The EU General Court has decided, in three separate appeals, that two international registrations for the mark “Kenzo Estate” designating the European Community take unfair advantage of the reputation of the earlier CTM for ‘Kenzo’ (the French luxury brand founded by Kenzo Takada) covering cosmetics, perfumes and clothing goods. Kenzo Estate is a winery in Napa Valley, founded by Kenzo Tsujimoto; his application for KENZO had already failed before the General Court in January 2015, also on the grounds of taking unfair advantage.
The owner of an earlier mark can prevent the registration of a later mark even if the goods are not similar (as is the case here) where they can show that their mark has a reputation, and use of the later mark would take unfair advantage of, or be detrimental to, the distinctive character or repute of the earlier mark, and is without due cause. The General Court concluded that KENZO ESTATE for goods and services covering wine, liquors, wine-related services and food products which the Court considered could be 'marketed in elegant hampers' did take unfair advantage.
Given the significant reputation of KENZO, and the link between the goods covered by the mark, the Court concluded that it was likely that use of KENZO ESTATE would allow the applicant to ‘ride on the coat-tails’ of the earlier mark’s reputation. The Court considered that the iconic and distinctive character of KENZO could be transferred to goods in other sectors (such as wine) as these also evoked images of high-end luxury and glamour. There was no due cause for using that specific mark, despite the fact that it was the applicant’s name.
The Court reached the same conclusion in respect of goods such as olive oils and vinegars. The Court also felt that there was a risk that the everyday consumer goods covered by this registration (such as confectionary, pizzas and hotdogs) could damage the image of exclusivity and luxury associated with KENZO.

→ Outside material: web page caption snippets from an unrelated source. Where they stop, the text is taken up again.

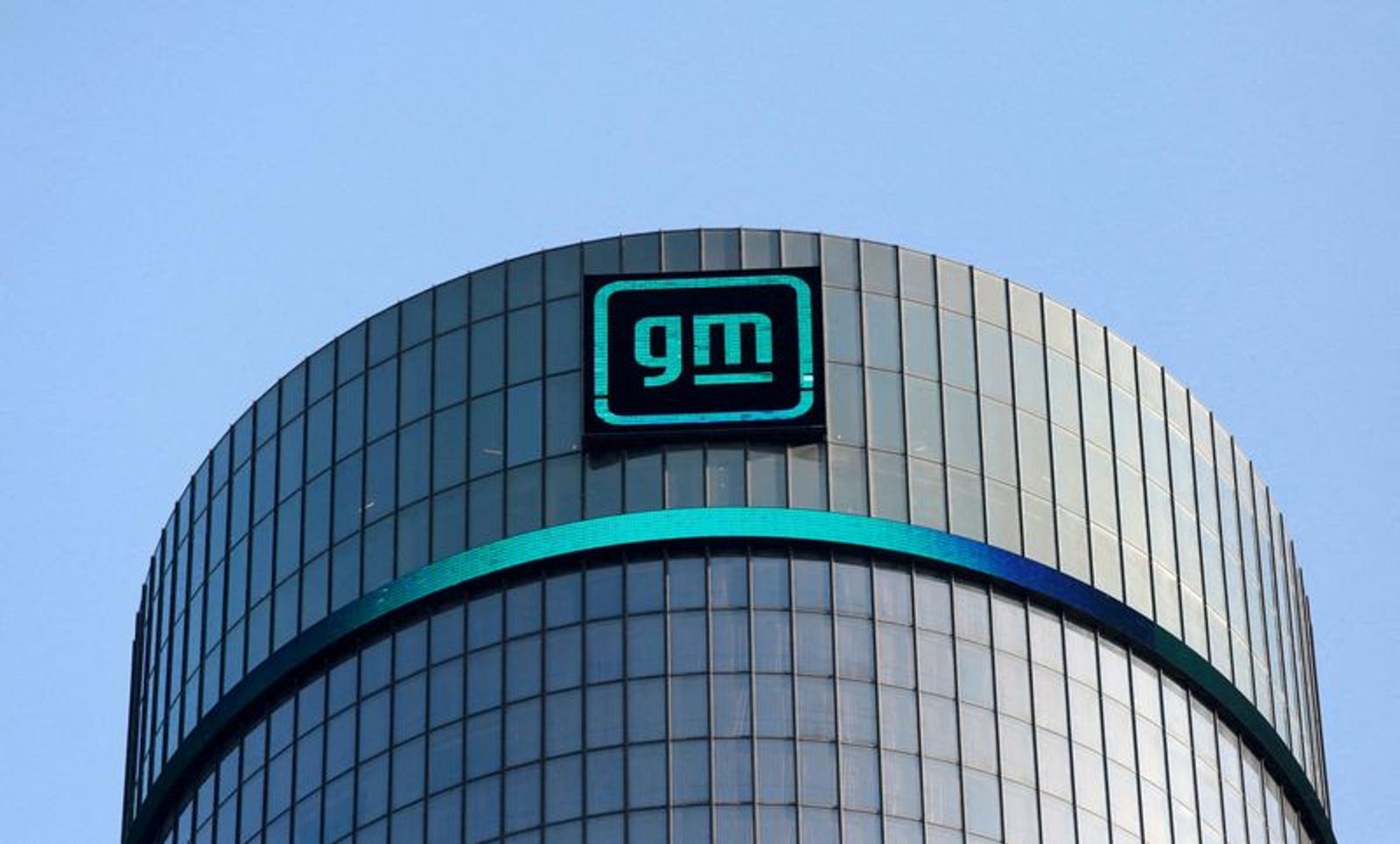 FILE PHOTO: The new GM logo is seen on the facade of the General Motors headquarters in Detroit, Michigan, U.S., March 16, 2021. .  REUTERS/Rebecca Cook/File Photo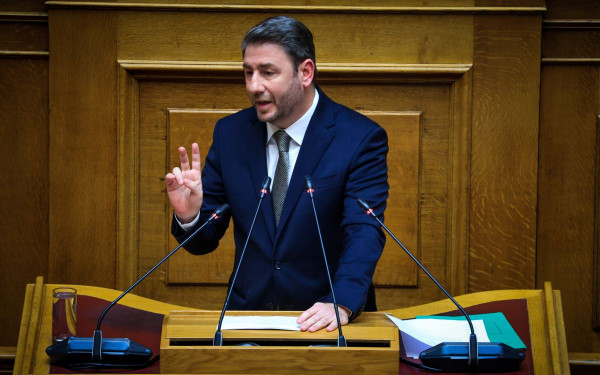 Την Τετάρτη καταθέτει το ΠΑΣΟΚ την πρόταση δυσπιστίας κατά της κυβέρνησης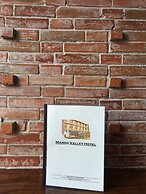 Mango Valley Hotel 1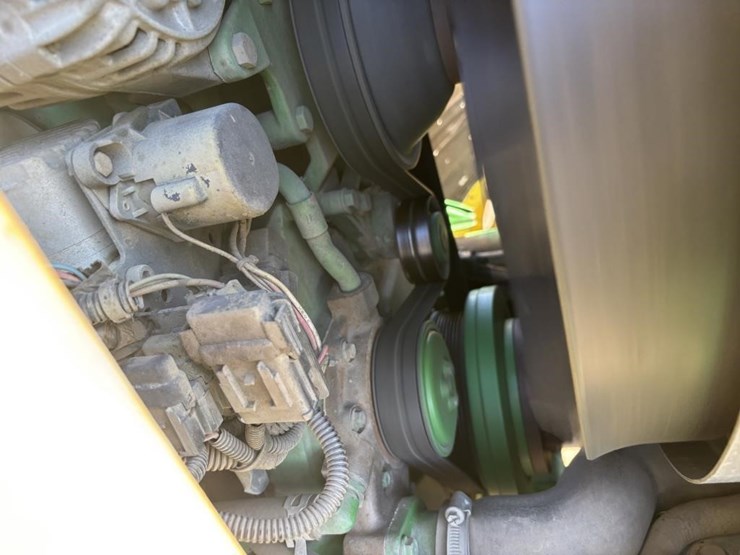 john-deere-7220-image-56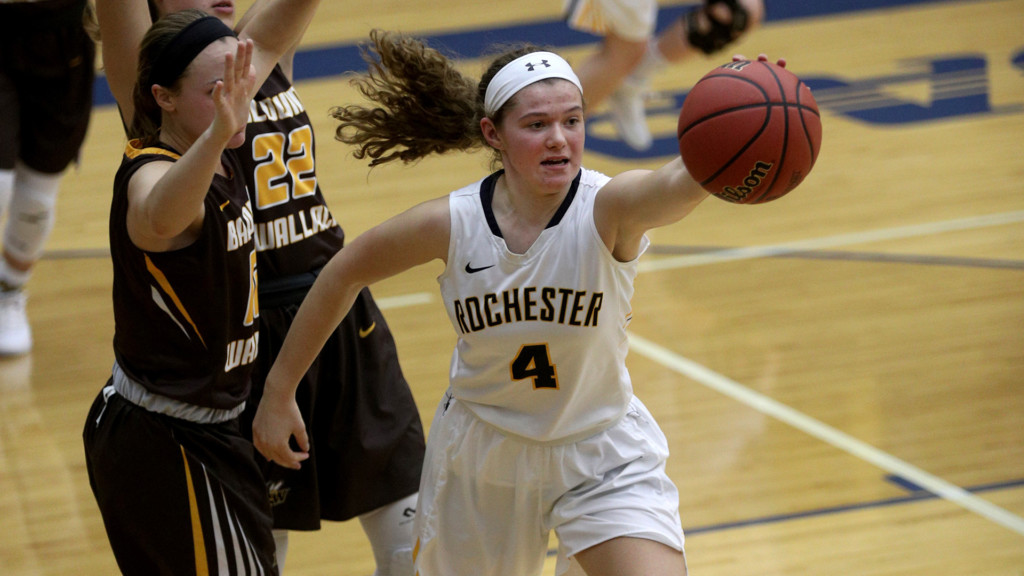 Okoniewski reflects on switch to college ball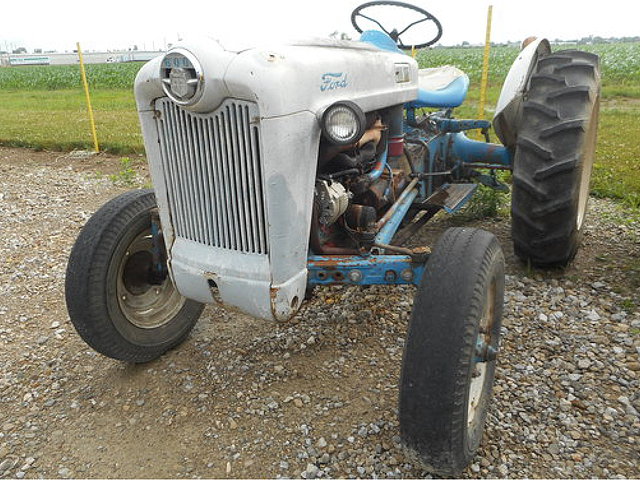 FORD 600 Photo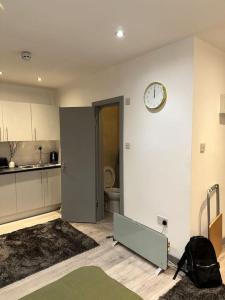 Fotografie z fotogalerie ubytování Modern studio flat in Romford Smoking Is Allowed v destinaci Havering atte Bower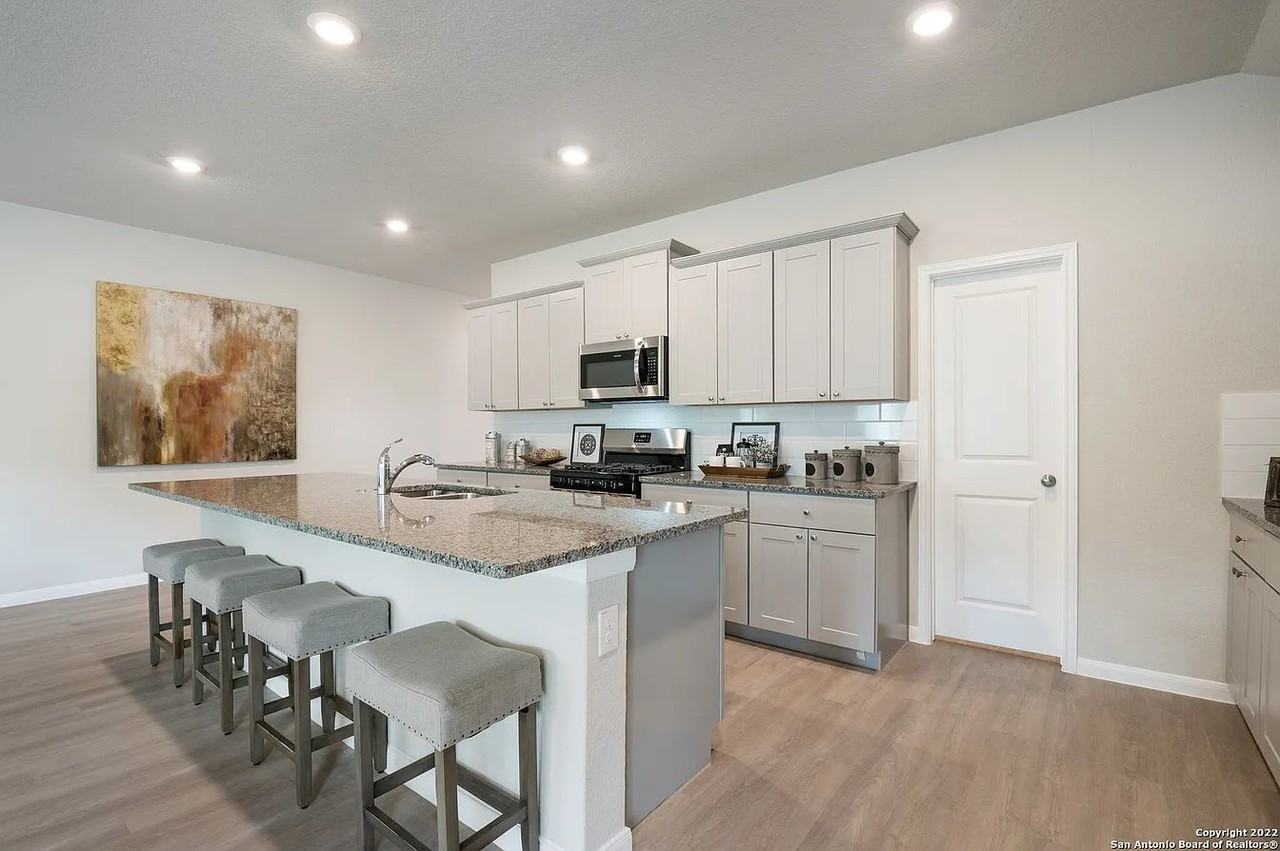 3703 Gristmill Way - Photo 4 of 13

The Court clearly placed significant weight on the degree of similarity between the marks (the word ‘Estate’ lacking a distinctive character for the goods), the strength of reputation of the KENZO mark, and the scope for cross promotion of fashion brands in other luxury sectors. As the Court noted, “in publicity campaigns, a person enjoying champagne or using a quality perfume is invariably fashionably attired..."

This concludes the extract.